Welcome, I have never heard of that type, I have had several different types of pepper flavored honey, with peppers put into the honey. Seems you would have to have a very big field of peppers to get a strong pepper flavor. Good luck on your quest


----------



## Ivan G (Aug 31, 2015)

Hi Anne, my name is Ivan and I live in Berkley, MA. My bees produced some beautiful sweet pepper bush honey this year. See my craigslist post and let me know if you would like some.

http://southcoast.craigslist.org/grd/5196101545.html

Thanks,
Ivan


----------



## SouthTexasJohn (Mar 16, 2015)

Welcome.


----------



## Bowfinger (Apr 17, 2015)

I have that blooming all around me right now. I'm trying to find if they really make much honey around here from it.


----------



## Dean B (Jan 23, 2021)

anneofwales said:


> good morning, my name is anne and I am new to this forum and actually might not be in the right forum at all. But...I have been searching for some sweet pepperbush honey ever since I had the pleasure of tasting some of it 27 years ago. I bought it at a fair somewhere in the fall river/Rehoboth/Westport area and was hoping that someone would know if there is any around this year and who has it. I know it's all about the bees but i'm still hopeful.
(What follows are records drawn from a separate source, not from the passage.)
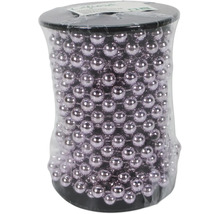 Rolle mit Perlenkette zur Dekoration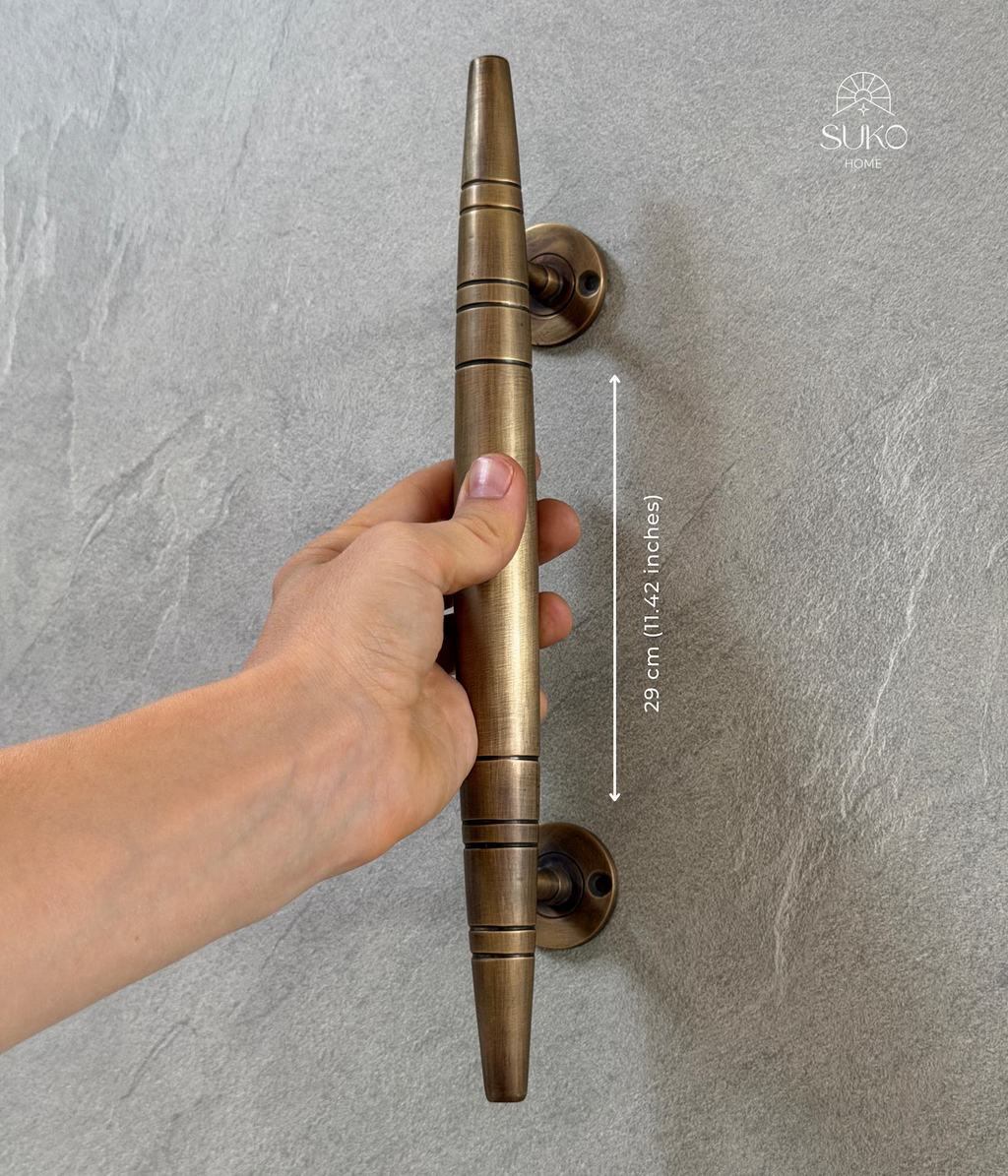 Handcrafted Brass Tapered Pull Handle "Denpasar"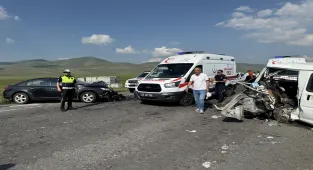 Ardahan'da otomobil ile panelvan çarpıştı, 7 kişi yaralandı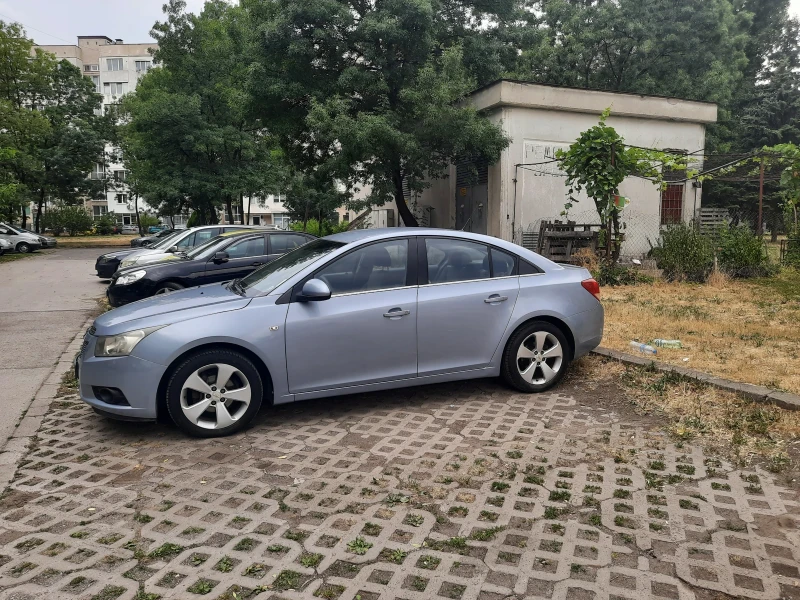 Chevrolet Cruze, снимка 3 - Автомобили и джипове - 51630501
I was just given some honey and it had a very unique flavor, I asked what was avail to the bees and I was told sweet pepper bush.....
How would you describe it?


----------



## JWPalmer (May 1, 2017)

Dean B said:


> How would you describe it?


*Clethra alnifolia *
*Common Name(s):*

Clethra
Coastal Sweet-pepperbush
Summersweet
Sweet Pepperbush

"Clethra honey has a peppery, licorice taste."








CLETHRA-1003






bostonhoneycompany.com


----------



## Slomas (Jan 15, 2021)

wow guys, that is a zombie thread ressurection in here


----------



## Patthebeekeeper (4 mo ago)

JWPalmer said:


> *Clethra alnifolia *
> *Common Name(s):*
> 
> Clethra
> ...


I don’t get the licorice taste, but maybe that’s cause I’m not a huge licorice fan. I guess people taste things differently. Been making what I believe to be sweet pepperbush the last few years in South Jersey. I usually describe it as herbal but this year I think there is a lot of loosestrife coming in with the pepperbush and it has a whole new flavor to it. Same pepperbush smell though.


----------